We lost some 50 percent of our class after the first year. People started falling out by the third week, which I thought was pathetic. The rigors of the program were just too difficult for a lot of otherwise nice people to handle. But poor grades on the first-year final exams also took out a substantial number of people. However, of the students in my class who survived the first year, I can think of only one who has fallen by the wayside over our second and third years. There's something to be said for that. The first-year survivers tend to go the distance.
There's also something to be said for the camaraderie of evening law school. I don't know how it is in regular law school, but in a CBE night program such as the one I attend, and probably CA Law Dean's at Monterey as well (correct me if I'm wrong, Dean) you go through the program with pretty much the exact same people from the beginning to the end. Other than summer school, there isn't the same picking and choosing of courses from an array of possibilities, as in college. Everyone takes the same program of courses and you tend to sit with your friends in every class. By the second year or earlier, you know everybody in class by first name, and everybody knows you. It's pretty cool. I'm proud of my classmates, because I know that they're all enduring the same hell that I am, juggling work, school, families, and mortgages. The people who succeed in night school have an astounding degree of determination and drive. But Livinglegend has a point. During the school year, and especially during that all-critical first year, you need to be "all in." You can't bluff your way through law school like you might in a college lit class. If you're prepared to make the necessary sacrifices in your social life in order to focus on the work demanded of you, you can make it.
Another thing I haven't mentioned, and it's as important as anything, is that you need support. You need the support and understanding of your spouse, your employer, your family and your friends. The grind takes a toll on relationships, which is why you may lose a few of your looser (I didn't say "loser") friends. You may also start to take inventory of your relationships after a couple of years of law school and decide to punt some of the losers (this time I mean "losers") the hell out of your life. You're surrounded by so many inspiring professors and go-getters, and your free time is so precious that wasting it on unambitious, uninspiring, unmotivated old friends will start to feel like putting on a pair of dirty old shoes that you lost in the garage five years ago. So you take them off and throw them away. It's not elitist: it's water seeking its own level.
Law school is a fantastic experience. And boy, is it eye-opening. After three years, I want it over with so badly I can taste it. But I'm getting closer and closer to my goal. No turning back. Set that goal, keep your eyes on it, prepare for success, and you, audacious climber, may reach the top of the mountain. Lots of us are doing it.

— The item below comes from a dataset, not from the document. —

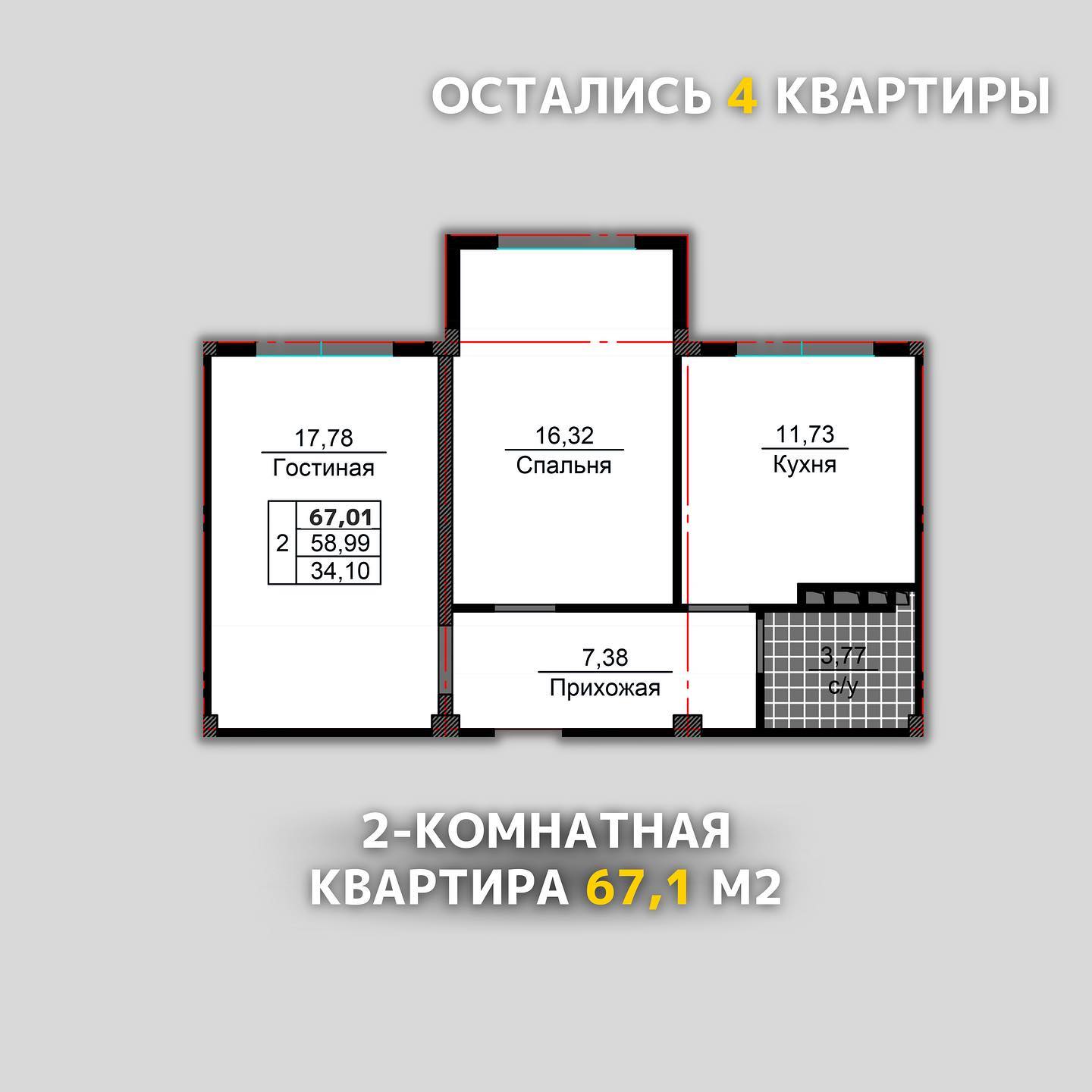 LCD Plan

« on: April 10, 2013, 12:26:51 AM »
I've been out of the Marines since December 2009. I'm not sure how hard it was to land a JAG position for them. I know at least 3 of them actually went to law school while in the Marine Corps, so they got promoted faster even though we started training at the same time. I mean want to say that each class had 6 spots for future JAGs and there were 6 classes a year.
Officer Candidate School weeds out a lot of people. My OCS class had a 48% retention, not sure how many of them were lawyers. Lots of people can't handle the physical demands of the Marine Corps and OCS is even tougher than enlisted boot camp. The Marines also have programs that active duty members can apply for that they send you to law school and that's your job for 3 years, you just have to graduate, pass the bar and then owe 5 years to the Corps. I had a friend qualify for that program but I don't think she graduated since she works for Amazon now as a recruiter.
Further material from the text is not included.